Here is a toy example of a pipeline architecture with a somewhat counterintuitive behavior:
workflow A {
take:
ch
main:
ch | filter{it.containsKey("b")} | view
emit:
ch
}
workflow B {
take:
ch
main:
ch | map{it.b = true} | set{ch}
}
workflow {
ch = channel.fromList([[:], [b:false]])
ch | A | B
}
Output
[b:true]
[b:true]
In this example, an alteration to a channel item made in a subsequent subworkflow is seen by the previous subworkflow. This counterintuitive behavior makes some sense – B fires immediately because A doesn’t alter the channel items, and the changes it makes are seen by the filter and view operators in A due to the timing of when they fire.

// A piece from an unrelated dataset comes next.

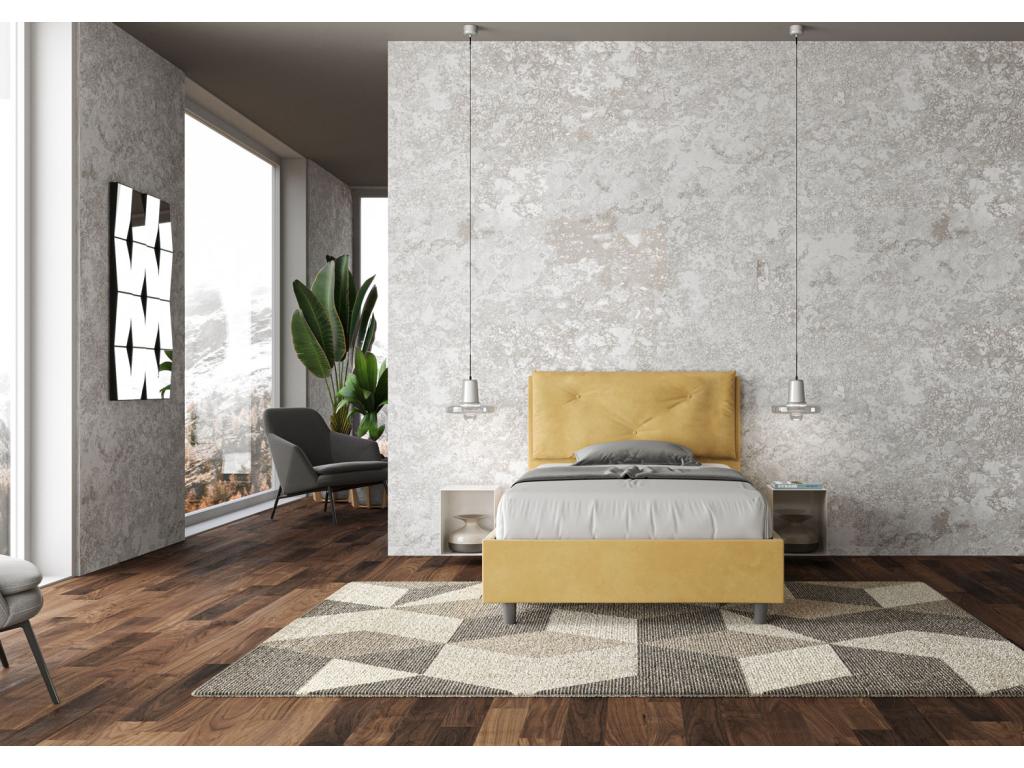 Single bed with 120x190cm ochre microfiber upholstered base, Homelumiere Large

The context in which this occurs in practice is where the same QC-launching subworkflow is called multiple times on the same channel. This channel contains hashmap channel items, where the hashmap may have several different keys associated with QCable stats files. Later subworkflows may add keys and a filename as the setup to calling a process that will produce the stats file itself. But the earlier QC subworkflow (analogous to A, above) can see that the key and filename was added by the later subworkflow (analogous to B), so it tries to pass that not-yet-created stats file to its QC process call, which creates an error.
I have workarounds, but it seems like there ought to be a more elegant solution. Using the toy example above, what would be the right way to achieve the intended behavior, where A should display [b:false]
by filtering out the empty hashmap and calling view before B is run?